- [Work instructions]
From the listing below, retype exactly the line holding "Amazon Essentials Disney", the line holding "Gradey Dick Toronto", and the lines between them; skip everything else.

### Task data ###

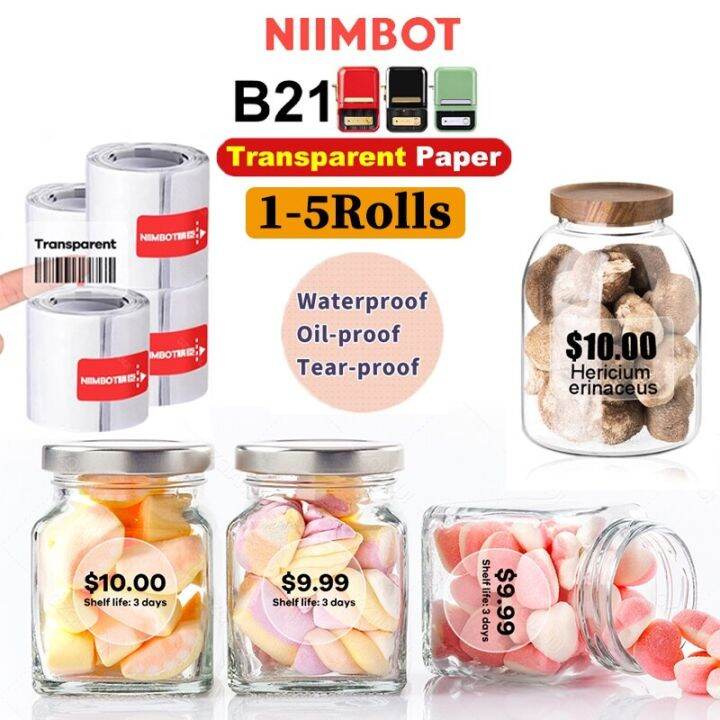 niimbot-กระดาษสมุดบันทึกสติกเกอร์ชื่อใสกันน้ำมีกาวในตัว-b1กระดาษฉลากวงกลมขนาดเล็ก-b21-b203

###
### Task data ###

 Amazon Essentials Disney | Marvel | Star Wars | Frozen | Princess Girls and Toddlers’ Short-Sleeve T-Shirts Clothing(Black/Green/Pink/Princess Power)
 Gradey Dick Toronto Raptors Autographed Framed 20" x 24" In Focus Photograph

###

- [Finished exercise]
 Amazon Essentials Disney | Marvel | Star Wars | Frozen | Princess Girls and Toddlers’ Short-Sleeve T-Shirts Clothing(Black/Green/Pink/Princess Power)
 Gradey Dick Toronto Raptors Autographed Framed 20" x 24" In Focus Photograph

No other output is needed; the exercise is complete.